WORK ITEM -> Nothing but the lines from the one containing "The world is healing!" through the last line of the material should appear in the answer, transcribed exactly, pictures excluded.
|---|
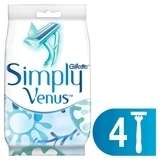 Бритвы одноразовые Gillette Simply Venus 2, 4 шт. - Pampik - 2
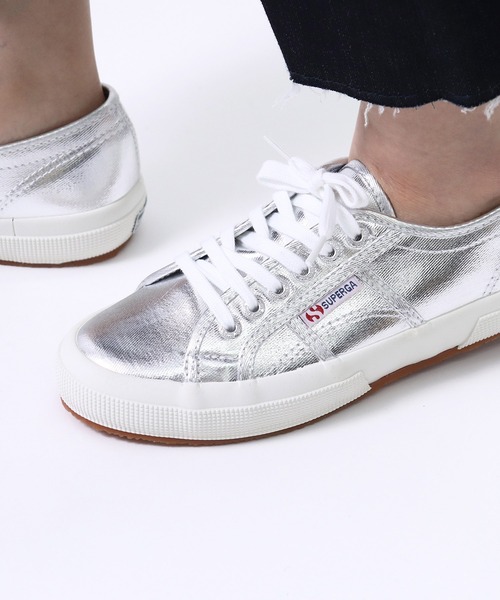 SUPERGA（スペルガ）の「【 SUPERGA / スペルガ 】S002HG0　 KPK SUPERGA COTMETU KPA（スニーカー・レディース・シルバー・36/35/37/38/39）」の7枚目の写真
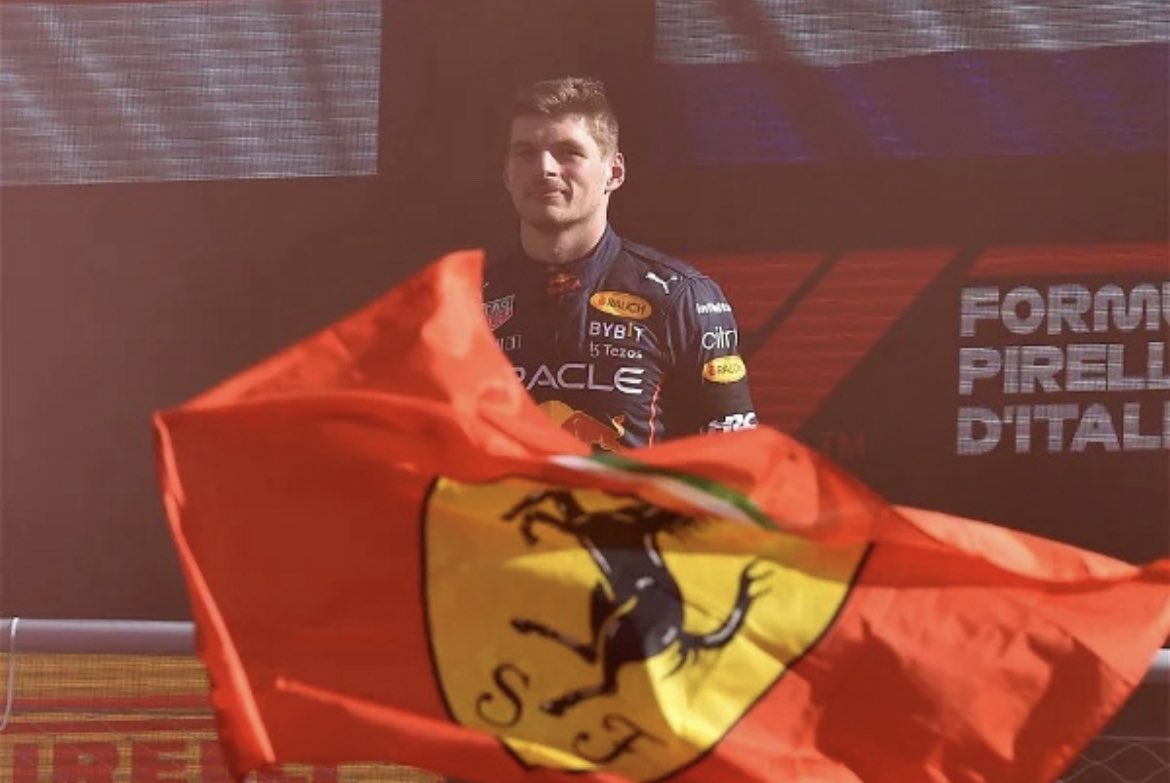DonnyVerstappen's tweet image. Tifosi, Mercedes and Red Bull fans coming together to support Verstappen the last 2 races…

The world is healing!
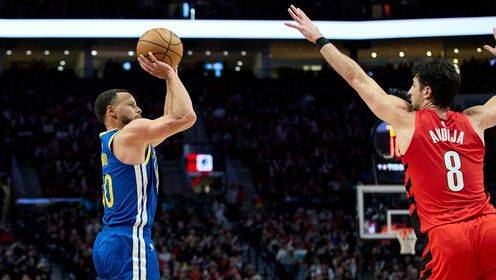 要害时刻手软了！库里空砍48分 生涯首次12+三分吃败仗！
|---|
RESPONSE TO THE EXERCISE ->
The world is healing!
 要害时刻手软了！库里空砍48分 生涯首次12+三分吃败仗！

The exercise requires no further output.